“Ci sono cose che una non può fare scalza” di Margarita Garcìa Robayo

di / 11 ottobre 2011

Ci sono mondi colossali, assordanti, psichedelici.
Terre di Las Vegas dove il fragore è il solo suono in onda. Città iridescenti, stroboscopiche, in cui ogni abitante emana calore, fermento, energia. Dove ogni vita sembra uno spot. E ogni firma una formula.
E poi accanto a quelli, arrancano altri binari. Deboli, ossidati, un po’ afoni.
Strade anonime per gente sottotono. Senza nomi eclatanti, lavori eccellenti, visi spianati. Gente senza.
Che nasce e muore a basso volume.
Cespugli spiumati in cui si addentrano passi minuscoli, fatti di briciole e ben poche impronte.
Sterpaglie di donne incolori, con capelli stopposi, mani spellate e occhi infeltriti che guardano sempre lo stesso paesaggio. Immobile, come loro.
È proprio a questi volti che si rivolge il libro di Margarita Garcìa Robayo Ci sono cose che una non può fare scalza (Marcos Y Marcos).
Blogger e giornalista al suo esordio narrativo, l’autrice risveglia identità sfumate, seminterrate, arcipelaghi di solitudine che non rientrano nelle nostre cartine.
Scrive per far parlare, assegna corpo e voce a una schiera di donne invisibili.
C’è Rina, che s’impunta davanti allo schermo per ascoltare il trionfo di Susy, la sua eroina dei telequiz, mentre l’amica Carmen stilla commenti su ogni quisquiglia, sulla tovaglia viola o sulla cerniera dietro la schiena, perché sa che il loro tempo è fatto di frattaglie, di cose piccolissime da solennizzare.
C’è Julia, che scorrazza nudissima nella sua stanza e non teme di farsi vedere. Vorrebbe che Arturo restasse a dormire, ma deve spartirlo con chi lo ha sposato.
C’è Miriam  che ha perso il marito, che non ha più nessuno con cui assaggiare la tv e allora chiama la figlia e strozza le dita tra le maglie del cavo, come se in quel filo potesse impiccarsi. Le sussurra al telefono tutto il suo buio, ma lei ha già troppi problemi per mangiarne anche altri.

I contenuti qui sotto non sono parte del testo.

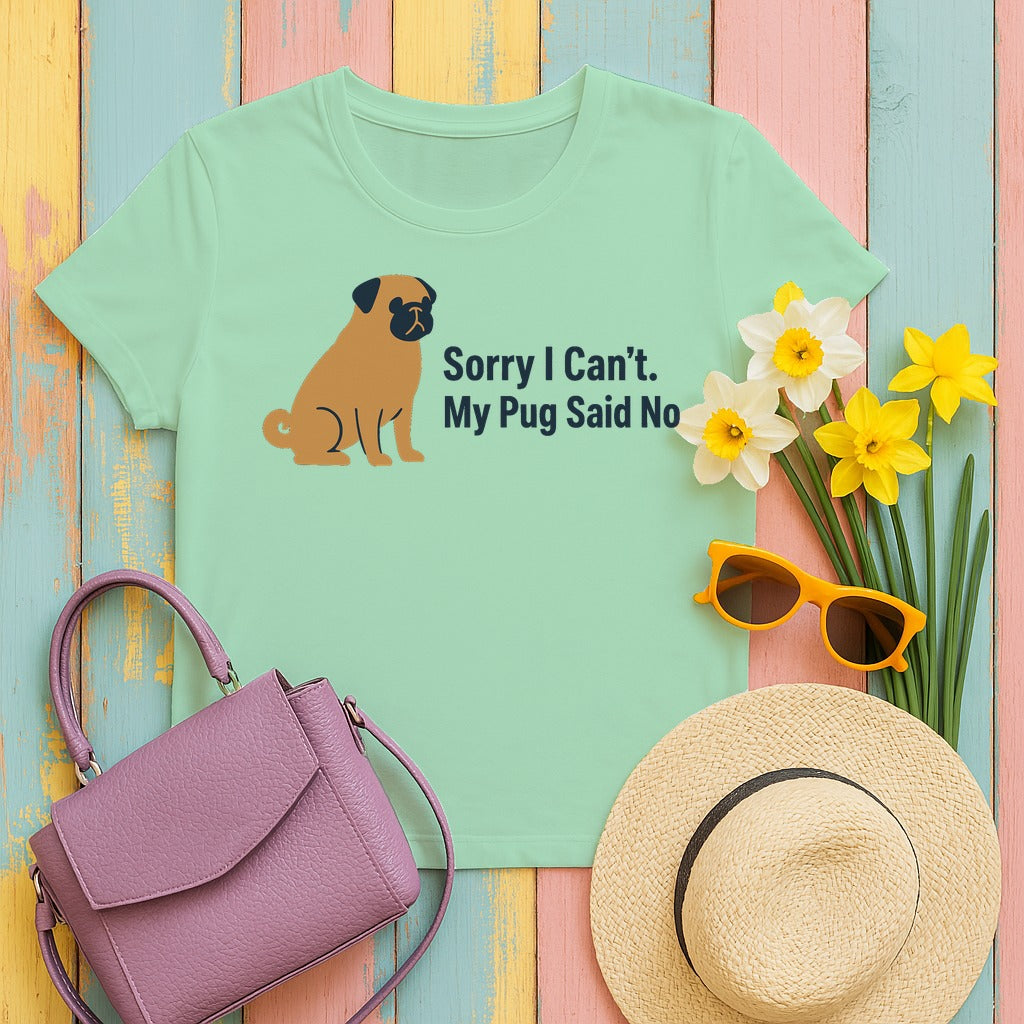 The Pug Said No Statement T-Shirt in Mint Green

C’è Sofia che aspetta Rodrigo, ingoiato dall’Africa da più di un anno, Sofia che chiede le sue braccia, il suo profumo e nell’attesa si abbarbica a quello degli altri: di un barista che le tocca il maglione, di uno sconosciuto con cui occupare il bagno e uno scorcio d’ossigeno.
C’è Susy – Bambina Prodigio, con la chioma sconquassata e la faccia un po’ scialba, che non è mai stata bella ma almeno era intelligente e su questo terreno ha voluto camminare, inanellando concorsi e anche giochi a premi, perché conosceva sempre la risposta esatta, tranne quella necessaria a far sorridere il padre.
Finché qualcuno non ha smesso di applaudirla e l’ha trovata brutta e perfino patetica.
C’è un condominio di storie, di donne che non dividono lo stesso palazzo, ma gli stessi piani inclinati.
Ogni percorso richiama un altro, ogni personaggio è implicato in un’altra vicenda, legato a un altro nome dell’album, per sangue, destino oppure per caso.
Come fili stesi al sole, le loro trame si prendono per mano e la scrittrice riesce a far vibrare i dettagli, a far urlare un vecchio vestito o un frigorifero vuoto. Dipinge ciascun universo con tratti brevissimi ed accecanti, con un linguaggio semplice e fotografico. Un’istantanea di silenzi e momenti in sordina, dove la singola donna porta il peso dell’altra, del suo essere grigia o trasparente.
Ogni nome è una targa, una triste provincia di mediocrità, che nasconde nei suoi tramonti una luce mai vista e una bellezza inespressa.
E questo libro ha la forza di farla cantare.